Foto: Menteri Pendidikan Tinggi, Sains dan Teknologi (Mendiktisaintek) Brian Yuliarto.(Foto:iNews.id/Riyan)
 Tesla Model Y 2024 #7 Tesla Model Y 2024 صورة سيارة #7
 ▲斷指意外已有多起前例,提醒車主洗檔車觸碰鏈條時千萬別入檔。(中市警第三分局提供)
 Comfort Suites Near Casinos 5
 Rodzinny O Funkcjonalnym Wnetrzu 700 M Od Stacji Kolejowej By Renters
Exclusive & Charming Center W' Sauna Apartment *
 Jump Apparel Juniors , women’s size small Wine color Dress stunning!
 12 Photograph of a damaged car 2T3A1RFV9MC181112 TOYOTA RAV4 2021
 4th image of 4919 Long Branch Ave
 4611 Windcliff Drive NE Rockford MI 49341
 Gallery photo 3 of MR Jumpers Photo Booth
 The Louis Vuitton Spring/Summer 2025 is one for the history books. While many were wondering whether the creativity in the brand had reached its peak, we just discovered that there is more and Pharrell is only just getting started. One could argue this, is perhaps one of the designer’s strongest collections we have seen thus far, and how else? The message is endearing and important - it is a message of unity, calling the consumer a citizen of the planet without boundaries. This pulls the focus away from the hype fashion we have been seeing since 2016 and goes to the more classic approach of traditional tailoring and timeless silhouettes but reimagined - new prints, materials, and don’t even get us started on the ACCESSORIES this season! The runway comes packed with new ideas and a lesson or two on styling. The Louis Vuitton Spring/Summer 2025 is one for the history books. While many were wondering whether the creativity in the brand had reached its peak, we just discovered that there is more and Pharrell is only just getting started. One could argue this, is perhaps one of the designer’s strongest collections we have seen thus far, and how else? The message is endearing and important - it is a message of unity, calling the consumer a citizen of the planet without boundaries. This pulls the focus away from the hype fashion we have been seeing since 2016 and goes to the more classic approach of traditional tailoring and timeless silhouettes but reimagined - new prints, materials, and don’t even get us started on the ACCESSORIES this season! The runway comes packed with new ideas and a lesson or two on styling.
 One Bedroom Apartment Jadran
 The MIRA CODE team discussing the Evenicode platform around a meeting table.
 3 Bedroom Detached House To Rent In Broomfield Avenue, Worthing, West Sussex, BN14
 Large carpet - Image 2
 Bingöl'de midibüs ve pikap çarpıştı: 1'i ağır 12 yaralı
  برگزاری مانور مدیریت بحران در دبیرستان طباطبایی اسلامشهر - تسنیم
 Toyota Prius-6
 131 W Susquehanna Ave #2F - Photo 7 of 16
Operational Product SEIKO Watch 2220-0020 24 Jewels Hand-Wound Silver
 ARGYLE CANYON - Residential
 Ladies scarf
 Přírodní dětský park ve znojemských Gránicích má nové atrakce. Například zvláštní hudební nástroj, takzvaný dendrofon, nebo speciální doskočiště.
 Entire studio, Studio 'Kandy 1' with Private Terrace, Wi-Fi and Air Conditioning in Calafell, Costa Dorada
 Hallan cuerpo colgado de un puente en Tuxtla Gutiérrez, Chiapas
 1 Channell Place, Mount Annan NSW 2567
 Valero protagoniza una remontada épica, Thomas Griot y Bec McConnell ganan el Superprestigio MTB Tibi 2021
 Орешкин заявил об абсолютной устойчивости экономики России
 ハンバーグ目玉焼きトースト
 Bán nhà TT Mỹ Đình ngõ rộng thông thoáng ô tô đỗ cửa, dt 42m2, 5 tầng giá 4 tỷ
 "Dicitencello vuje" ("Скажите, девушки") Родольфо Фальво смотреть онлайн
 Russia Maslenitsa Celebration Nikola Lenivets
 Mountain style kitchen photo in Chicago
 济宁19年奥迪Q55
——
● **WHAT IS REQUIRED**
Would you please reproduce the entries above word for word?

● **YOUR RESPONSE**
Foto: Menteri Pendidikan Tinggi, Sains dan Teknologi (Mendiktisaintek) Brian Yuliarto.(Foto:iNews.id/Riyan)
 Tesla Model Y 2024 #7 Tesla Model Y 2024 صورة سيارة #7
 ▲斷指意外已有多起前例,提醒車主洗檔車觸碰鏈條時千萬別入檔。(中市警第三分局提供)
 Comfort Suites Near Casinos 5
 Rodzinny O Funkcjonalnym Wnetrzu 700 M Od Stacji Kolejowej By Renters
Exclusive & Charming Center W' Sauna Apartment *
 Jump Apparel Juniors , women’s size small Wine color Dress stunning!
 12 Photograph of a damaged car 2T3A1RFV9MC181112 TOYOTA RAV4 2021
 4th image of 4919 Long Branch Ave
 4611 Windcliff Drive NE Rockford MI 49341
 Gallery photo 3 of MR Jumpers Photo Booth
 The Louis Vuitton Spring/Summer 2025 is one for the history books. While many were wondering whether the creativity in the brand had reached its peak, we just discovered that there is more and Pharrell is only just getting started. One could argue this, is perhaps one of the designer’s strongest collections we have seen thus far, and how else? The message is endearing and important - it is a message of unity, calling the consumer a citizen of the planet without boundaries. This pulls the focus away from the hype fashion we have been seeing since 2016 and goes to the more classic approach of traditional tailoring and timeless silhouettes but reimagined - new prints, materials, and don’t even get us started on the ACCESSORIES this season! The runway comes packed with new ideas and a lesson or two on styling. The Louis Vuitton Spring/Summer 2025 is one for the history books. While many were wondering whether the creativity in the brand had reached its peak, we just discovered that there is more and Pharrell is only just getting started. One could argue this, is perhaps one of the designer’s strongest collections we have seen thus far, and how else? The message is endearing and important - it is a message of unity, calling the consumer a citizen of the planet without boundaries. This pulls the focus away from the hype fashion we have been seeing since 2016 and goes to the more classic approach of traditional tailoring and timeless silhouettes but reimagined - new prints, materials, and don’t even get us started on the ACCESSORIES this season! The runway comes packed with new ideas and a lesson or two on styling.
 One Bedroom Apartment Jadran
 The MIRA CODE team discussing the Evenicode platform around a meeting table.
 3 Bedroom Detached House To Rent In Broomfield Avenue, Worthing, West Sussex, BN14
 Large carpet - Image 2
 Bingöl'de midibüs ve pikap çarpıştı: 1'i ağır 12 yaralı
  برگزاری مانور مدیریت بحران در دبیرستان طباطبایی اسلامشهر - تسنیم
 Toyota Prius-6
 131 W Susquehanna Ave #2F - Photo 7 of 16
Operational Product SEIKO Watch 2220-0020 24 Jewels Hand-Wound Silver
 ARGYLE CANYON - Residential
 Ladies scarf
 Přírodní dětský park ve znojemských Gránicích má nové atrakce. Například zvláštní hudební nástroj, takzvaný dendrofon, nebo speciální doskočiště.
 Entire studio, Studio 'Kandy 1' with Private Terrace, Wi-Fi and Air Conditioning in Calafell, Costa Dorada
 Hallan cuerpo colgado de un puente en Tuxtla Gutiérrez, Chiapas
 1 Channell Place, Mount Annan NSW 2567
 Valero protagoniza una remontada épica, Thomas Griot y Bec McConnell ganan el Superprestigio MTB Tibi 2021
 Орешкин заявил об абсолютной устойчивости экономики России
 ハンバーグ目玉焼きトースト
 Bán nhà TT Mỹ Đình ngõ rộng thông thoáng ô tô đỗ cửa, dt 42m2, 5 tầng giá 4 tỷ
 "Dicitencello vuje" ("Скажите, девушки") Родольфо Фальво смотреть онлайн
 Russia Maslenitsa Celebration Nikola Lenivets
 Mountain style kitchen photo in Chicago
 济宁19年奥迪Q55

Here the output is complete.